Give again, word for word, every line below from the one that has "BYD Han 2025 из CN, фото 6" through the one that has "Double Zero Sweater Medium NWT", both included, and no others.

EXERCISE MATERIAL section start

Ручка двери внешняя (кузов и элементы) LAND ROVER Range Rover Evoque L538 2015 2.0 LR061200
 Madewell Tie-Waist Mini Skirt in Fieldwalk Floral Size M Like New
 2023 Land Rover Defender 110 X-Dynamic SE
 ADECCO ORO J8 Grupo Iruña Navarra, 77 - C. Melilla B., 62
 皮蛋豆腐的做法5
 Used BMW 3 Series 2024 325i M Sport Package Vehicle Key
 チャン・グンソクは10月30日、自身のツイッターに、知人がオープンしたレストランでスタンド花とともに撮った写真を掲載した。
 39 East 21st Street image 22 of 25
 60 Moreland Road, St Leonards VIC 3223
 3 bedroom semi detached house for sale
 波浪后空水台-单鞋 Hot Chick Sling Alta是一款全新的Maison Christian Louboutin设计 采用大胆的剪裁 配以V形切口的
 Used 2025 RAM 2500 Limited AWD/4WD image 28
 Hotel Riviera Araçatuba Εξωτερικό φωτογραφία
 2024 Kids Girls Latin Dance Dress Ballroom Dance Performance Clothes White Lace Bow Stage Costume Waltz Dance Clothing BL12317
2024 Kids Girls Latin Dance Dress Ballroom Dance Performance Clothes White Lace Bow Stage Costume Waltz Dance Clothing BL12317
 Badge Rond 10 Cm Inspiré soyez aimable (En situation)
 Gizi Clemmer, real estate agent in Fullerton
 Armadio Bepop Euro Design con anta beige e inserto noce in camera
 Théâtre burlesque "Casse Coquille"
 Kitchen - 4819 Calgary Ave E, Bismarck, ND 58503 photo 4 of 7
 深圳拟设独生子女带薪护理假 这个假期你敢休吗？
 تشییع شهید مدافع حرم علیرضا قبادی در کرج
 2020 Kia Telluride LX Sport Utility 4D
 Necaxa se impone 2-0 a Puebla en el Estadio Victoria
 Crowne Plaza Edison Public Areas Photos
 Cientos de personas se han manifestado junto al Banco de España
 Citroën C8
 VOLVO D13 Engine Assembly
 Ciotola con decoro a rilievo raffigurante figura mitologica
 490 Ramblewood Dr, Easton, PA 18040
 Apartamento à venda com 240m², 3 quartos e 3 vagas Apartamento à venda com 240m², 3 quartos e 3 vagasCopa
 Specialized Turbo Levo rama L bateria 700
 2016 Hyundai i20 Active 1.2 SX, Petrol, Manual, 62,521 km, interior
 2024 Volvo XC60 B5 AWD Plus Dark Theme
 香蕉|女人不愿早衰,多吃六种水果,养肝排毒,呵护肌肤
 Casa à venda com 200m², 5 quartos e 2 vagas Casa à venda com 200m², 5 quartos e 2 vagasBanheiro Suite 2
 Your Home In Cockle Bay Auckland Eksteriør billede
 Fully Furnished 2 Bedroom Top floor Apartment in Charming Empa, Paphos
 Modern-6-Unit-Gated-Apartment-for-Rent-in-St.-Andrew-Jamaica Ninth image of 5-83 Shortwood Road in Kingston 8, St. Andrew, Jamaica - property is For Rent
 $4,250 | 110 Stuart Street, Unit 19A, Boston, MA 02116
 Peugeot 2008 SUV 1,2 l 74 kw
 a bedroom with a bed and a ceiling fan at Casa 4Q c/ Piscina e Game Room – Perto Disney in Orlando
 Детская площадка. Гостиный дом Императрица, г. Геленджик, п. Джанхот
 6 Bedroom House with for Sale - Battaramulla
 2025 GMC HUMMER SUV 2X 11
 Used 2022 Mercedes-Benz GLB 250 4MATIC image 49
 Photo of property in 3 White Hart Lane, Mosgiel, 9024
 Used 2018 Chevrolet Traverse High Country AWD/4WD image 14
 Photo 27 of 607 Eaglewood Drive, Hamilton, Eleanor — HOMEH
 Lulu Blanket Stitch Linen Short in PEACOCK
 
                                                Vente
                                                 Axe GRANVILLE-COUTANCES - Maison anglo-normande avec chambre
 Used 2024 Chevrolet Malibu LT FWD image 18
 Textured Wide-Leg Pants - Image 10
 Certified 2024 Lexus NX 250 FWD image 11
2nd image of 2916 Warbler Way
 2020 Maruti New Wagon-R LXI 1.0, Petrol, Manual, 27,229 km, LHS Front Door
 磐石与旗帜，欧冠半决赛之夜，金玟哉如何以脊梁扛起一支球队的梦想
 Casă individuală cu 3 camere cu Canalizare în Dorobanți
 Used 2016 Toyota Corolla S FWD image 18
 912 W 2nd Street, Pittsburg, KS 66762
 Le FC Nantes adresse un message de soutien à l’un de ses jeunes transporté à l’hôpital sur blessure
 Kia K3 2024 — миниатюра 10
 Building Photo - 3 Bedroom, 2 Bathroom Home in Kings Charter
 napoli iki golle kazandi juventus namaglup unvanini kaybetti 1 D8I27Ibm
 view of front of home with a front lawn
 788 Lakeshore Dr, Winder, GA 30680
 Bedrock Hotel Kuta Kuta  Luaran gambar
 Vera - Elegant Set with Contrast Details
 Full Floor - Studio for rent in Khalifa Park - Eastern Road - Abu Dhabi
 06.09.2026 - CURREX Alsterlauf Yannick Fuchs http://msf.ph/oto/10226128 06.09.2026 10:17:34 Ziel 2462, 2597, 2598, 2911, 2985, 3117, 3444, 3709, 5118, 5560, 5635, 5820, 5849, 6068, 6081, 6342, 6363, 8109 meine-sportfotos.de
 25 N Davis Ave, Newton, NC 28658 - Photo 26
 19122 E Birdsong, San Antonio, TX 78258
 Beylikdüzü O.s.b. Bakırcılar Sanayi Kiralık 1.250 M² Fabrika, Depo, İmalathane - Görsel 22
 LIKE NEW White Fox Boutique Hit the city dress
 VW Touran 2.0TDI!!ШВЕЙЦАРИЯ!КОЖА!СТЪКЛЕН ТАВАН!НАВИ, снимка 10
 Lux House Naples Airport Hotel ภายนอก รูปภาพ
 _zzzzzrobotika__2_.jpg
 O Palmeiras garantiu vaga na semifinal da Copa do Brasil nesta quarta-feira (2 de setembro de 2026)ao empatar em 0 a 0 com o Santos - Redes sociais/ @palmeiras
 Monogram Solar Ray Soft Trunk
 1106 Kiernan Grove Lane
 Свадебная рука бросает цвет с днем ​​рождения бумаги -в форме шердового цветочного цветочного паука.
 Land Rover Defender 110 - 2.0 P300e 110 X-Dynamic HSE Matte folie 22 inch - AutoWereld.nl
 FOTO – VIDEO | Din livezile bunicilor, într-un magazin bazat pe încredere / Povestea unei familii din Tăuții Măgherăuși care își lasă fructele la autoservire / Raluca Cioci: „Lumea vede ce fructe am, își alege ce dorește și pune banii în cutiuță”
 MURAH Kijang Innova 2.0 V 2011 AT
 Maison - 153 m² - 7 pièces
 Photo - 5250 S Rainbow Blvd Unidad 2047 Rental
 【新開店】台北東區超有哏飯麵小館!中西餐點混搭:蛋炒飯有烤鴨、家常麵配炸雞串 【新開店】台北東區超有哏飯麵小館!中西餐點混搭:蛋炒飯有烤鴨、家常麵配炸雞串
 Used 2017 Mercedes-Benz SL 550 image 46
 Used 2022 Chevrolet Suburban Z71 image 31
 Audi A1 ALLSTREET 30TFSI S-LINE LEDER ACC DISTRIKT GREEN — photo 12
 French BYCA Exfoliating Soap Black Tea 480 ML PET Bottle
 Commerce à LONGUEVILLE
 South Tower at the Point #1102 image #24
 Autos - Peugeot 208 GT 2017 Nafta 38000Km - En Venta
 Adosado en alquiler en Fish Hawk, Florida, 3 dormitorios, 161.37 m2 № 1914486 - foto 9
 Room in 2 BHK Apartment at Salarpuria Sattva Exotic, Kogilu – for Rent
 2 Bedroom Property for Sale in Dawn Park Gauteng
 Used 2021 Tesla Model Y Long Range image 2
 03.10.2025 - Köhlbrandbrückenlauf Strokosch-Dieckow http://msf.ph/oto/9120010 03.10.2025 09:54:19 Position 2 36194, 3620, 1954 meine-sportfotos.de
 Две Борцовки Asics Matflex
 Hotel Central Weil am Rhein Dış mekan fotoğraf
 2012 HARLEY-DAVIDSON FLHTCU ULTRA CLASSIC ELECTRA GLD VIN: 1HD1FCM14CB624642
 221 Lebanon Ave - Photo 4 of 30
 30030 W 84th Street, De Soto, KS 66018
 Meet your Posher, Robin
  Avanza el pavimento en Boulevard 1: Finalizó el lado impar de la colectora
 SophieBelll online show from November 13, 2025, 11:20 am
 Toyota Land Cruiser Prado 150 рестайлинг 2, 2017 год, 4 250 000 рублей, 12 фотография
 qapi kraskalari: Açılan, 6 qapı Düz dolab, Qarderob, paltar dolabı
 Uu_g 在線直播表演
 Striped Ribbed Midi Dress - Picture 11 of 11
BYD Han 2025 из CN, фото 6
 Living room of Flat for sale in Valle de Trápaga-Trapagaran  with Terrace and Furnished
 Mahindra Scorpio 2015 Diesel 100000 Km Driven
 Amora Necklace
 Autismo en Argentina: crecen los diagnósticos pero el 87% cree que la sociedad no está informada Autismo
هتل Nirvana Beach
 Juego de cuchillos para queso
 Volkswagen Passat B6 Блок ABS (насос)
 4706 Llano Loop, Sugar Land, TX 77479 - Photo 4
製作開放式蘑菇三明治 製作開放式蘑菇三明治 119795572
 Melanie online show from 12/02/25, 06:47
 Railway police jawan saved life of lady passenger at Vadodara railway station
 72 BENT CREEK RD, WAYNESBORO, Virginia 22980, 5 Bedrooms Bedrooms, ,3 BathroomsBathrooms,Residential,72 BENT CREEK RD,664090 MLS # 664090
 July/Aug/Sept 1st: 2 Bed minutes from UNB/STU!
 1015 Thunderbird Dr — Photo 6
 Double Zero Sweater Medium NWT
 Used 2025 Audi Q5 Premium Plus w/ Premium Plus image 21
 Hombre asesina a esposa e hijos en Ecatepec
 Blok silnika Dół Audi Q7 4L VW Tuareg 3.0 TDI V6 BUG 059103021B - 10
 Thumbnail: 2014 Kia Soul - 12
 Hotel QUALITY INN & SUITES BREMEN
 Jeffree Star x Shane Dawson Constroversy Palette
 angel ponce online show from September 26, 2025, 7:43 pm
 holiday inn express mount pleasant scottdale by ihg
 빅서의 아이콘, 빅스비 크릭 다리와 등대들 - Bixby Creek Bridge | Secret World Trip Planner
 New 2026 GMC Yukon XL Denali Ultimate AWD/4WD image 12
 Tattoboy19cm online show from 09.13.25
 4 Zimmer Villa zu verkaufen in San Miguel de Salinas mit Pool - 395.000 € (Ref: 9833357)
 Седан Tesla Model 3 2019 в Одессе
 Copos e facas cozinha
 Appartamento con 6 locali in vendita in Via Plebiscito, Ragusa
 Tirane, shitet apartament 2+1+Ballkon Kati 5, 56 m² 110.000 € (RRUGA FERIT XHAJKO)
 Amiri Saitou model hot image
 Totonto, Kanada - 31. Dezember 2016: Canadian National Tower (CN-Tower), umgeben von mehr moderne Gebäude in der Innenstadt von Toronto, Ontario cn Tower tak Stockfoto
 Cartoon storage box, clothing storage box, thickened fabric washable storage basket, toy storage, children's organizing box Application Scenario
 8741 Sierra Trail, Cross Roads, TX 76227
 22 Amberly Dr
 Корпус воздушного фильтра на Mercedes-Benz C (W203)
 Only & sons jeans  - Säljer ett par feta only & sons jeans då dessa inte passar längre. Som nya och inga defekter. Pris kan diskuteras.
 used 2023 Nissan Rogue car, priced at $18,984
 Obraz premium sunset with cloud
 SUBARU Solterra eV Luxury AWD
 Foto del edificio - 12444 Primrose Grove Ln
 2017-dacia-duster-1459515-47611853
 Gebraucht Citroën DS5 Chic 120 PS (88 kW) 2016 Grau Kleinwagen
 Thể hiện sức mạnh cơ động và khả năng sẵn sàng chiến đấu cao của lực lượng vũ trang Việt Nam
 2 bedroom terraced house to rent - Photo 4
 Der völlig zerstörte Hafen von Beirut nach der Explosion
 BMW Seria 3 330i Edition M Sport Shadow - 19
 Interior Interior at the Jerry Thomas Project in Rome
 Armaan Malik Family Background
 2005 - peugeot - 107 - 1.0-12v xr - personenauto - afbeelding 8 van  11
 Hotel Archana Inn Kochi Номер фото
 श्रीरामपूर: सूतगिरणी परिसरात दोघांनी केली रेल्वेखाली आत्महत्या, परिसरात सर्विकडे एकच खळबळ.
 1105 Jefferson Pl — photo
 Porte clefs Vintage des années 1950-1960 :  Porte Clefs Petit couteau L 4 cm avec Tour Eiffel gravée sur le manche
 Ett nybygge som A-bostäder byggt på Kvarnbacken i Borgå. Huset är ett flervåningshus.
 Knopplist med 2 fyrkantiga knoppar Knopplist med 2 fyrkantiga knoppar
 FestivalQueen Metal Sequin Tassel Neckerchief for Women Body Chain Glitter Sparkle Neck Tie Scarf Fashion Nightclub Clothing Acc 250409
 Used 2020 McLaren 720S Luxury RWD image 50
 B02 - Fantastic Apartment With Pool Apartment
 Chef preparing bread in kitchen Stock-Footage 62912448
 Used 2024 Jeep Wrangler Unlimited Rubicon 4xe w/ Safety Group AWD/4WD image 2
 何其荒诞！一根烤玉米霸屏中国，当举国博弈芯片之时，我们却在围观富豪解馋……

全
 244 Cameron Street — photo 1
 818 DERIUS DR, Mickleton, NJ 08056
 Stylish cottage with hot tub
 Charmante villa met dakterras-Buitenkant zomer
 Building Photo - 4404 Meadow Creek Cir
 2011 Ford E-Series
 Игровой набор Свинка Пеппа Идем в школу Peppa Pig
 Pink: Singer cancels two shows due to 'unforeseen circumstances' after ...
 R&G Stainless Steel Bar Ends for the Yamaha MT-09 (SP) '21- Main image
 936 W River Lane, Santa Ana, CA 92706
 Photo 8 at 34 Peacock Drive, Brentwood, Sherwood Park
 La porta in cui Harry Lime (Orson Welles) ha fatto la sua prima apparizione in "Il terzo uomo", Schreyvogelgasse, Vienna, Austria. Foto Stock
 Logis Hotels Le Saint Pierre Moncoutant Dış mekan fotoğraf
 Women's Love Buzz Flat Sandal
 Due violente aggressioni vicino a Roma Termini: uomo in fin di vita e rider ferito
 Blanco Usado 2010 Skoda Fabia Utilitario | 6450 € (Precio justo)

EXERCISE MATERIAL section end

RESPONSE TO THIS TASK
BYD Han 2025 из CN, фото 6
 Living room of Flat for sale in Valle de Trápaga-Trapagaran  with Terrace and Furnished
 Mahindra Scorpio 2015 Diesel 100000 Km Driven
 Amora Necklace
 Autismo en Argentina: crecen los diagnósticos pero el 87% cree que la sociedad no está informada Autismo
هتل Nirvana Beach
 Juego de cuchillos para queso
 Volkswagen Passat B6 Блок ABS (насос)
 4706 Llano Loop, Sugar Land, TX 77479 - Photo 4
製作開放式蘑菇三明治 製作開放式蘑菇三明治 119795572
 Melanie online show from 12/02/25, 06:47
 Railway police jawan saved life of lady passenger at Vadodara railway station
 72 BENT CREEK RD, WAYNESBORO, Virginia 22980, 5 Bedrooms Bedrooms, ,3 BathroomsBathrooms,Residential,72 BENT CREEK RD,664090 MLS # 664090
 July/Aug/Sept 1st: 2 Bed minutes from UNB/STU!
 1015 Thunderbird Dr — Photo 6
 Double Zero Sweater Medium NWT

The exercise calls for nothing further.